Feldman uses detailed evidence and examples to challenge the long-standing but lacking-in-evidence ‘classical view’ of emotions. Emotions are not hardwired into us, she says, and there are no universal emotions as we think of them. At first you want to disagree with her: but doesn’t every human feel sad and happy sometimes? As she goes deeper into the science, you realize how big a role our upbringing and our brain’s predictions about how to respond to different situations play in our experience of the world.
Some cultures don’t have a concept of anger or sadness, for instance, or have concepts that encompass a broader or narrow view of these as compared to the typical Western culture definition. They have other emotion concepts and terms, some of which may not translate outside of that group. She provides examples such as Norwegians’ concept for intense joy at falling in love (Forelsket); the Portuguese concept of a strong, spiritual longing (Saudade); and Filipinos’ urge to hug or squeeze something unbearably adorable (Gigil). People around the world have socialized themselves around concepts that make their community work. For those raised in those societies, they develop predictions based on these concepts. These concepts are normal to them. The lack of universality challenges the idea that universal emotions live somewhere in the brain.
I thought as I read her book that perhaps this explains part of why I and other foreigners have found it challenging to integrate into New Zealand – it can be impossible to ‘read’ people’s emotional expressions. But now I’m wondering how much crossover there is between our concepts of emotions in the first place. What I express as excitement, with hand gestures and smiles, often seems out of place here, for example.
Barrett’s key argument is that the classical view of emotions is incorrect and lacks foundational evidence. Emotions are not built-in from birth or automatic reactions coming from specific parts of our brain. They aren’t something that our ‘rational’ minds have to control to make us human.
Her theory offers a different explanation – one of constructed emotion. This means that as we grow up in a culture, we learn to associate certain bodily feelings with certain situations. For example, if your parent asks you “Are you sad?” every time you are crying, you will learn to associate “sad” with crying. Then we use our predictions of what is appropriate to respond to new situations. If we see someone crying, we assume they are sad. If we are crying, we assume we are sad. We eventually make these predictions so seemingly effortlessly, we believe they are hard-coded into us. Stepping outside of your cultural context can help reveal that they are constructed based on a context.

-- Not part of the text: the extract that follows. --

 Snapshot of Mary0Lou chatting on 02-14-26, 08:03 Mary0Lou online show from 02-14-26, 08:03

Her example of butterflies in her stomach while on a date was a great example of why the classical view doesn’t make sense. At first, she thought she was happy and excited at her date. She interpreted the butterfly feeling as going with these emotions. Later, it turned out that she was falling sick. The feeling was actually one of bodily distress. But her brain predicted that she was happy based on its prior knowledge (being out at a restaurant, etc.).

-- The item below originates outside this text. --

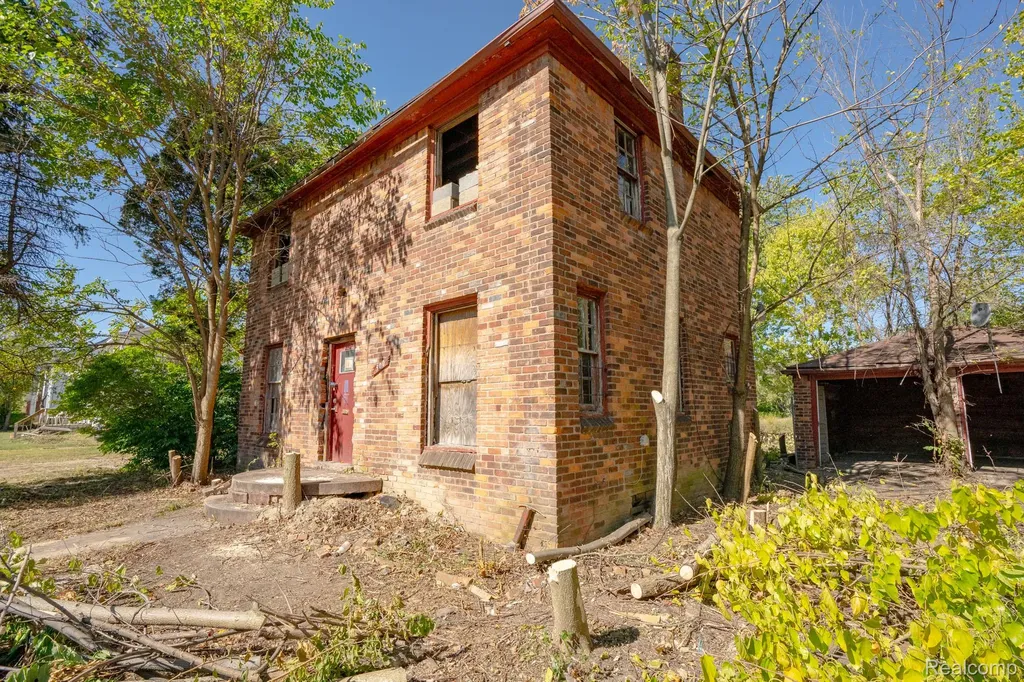 300 W Nevada Street Highland Park City MI 48203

Barrett says after a century of trying, scientific research has not found a constant fingerprint for any emotion. She had me questioning why we show children faces of ‘happy’, ‘sad’, ‘angry’, and so on, when we should know from our own life experience that people don’t actually look like that universally in every situation (or even many!). If you get mad at your boss, you might yell, or you might quietly simmer. You might express your feelings in any number of ways. The caricature of an angry face probably doesn’t fit you all of the times you feel anger.
Barrett packs a lot of information into this book, more so than I can unpack here, but the examples are great at helping you understand what she means and how it applies to the real world. I’d highly recommend checking it out and being open to changing your mind about almost everything you probably think and hear about emotions! She’ll have you wondering why we have stuck with these old theories for so long, and she also gives tips on how to shift into new ways of thinking and take more control over your predictions and emotion concepts.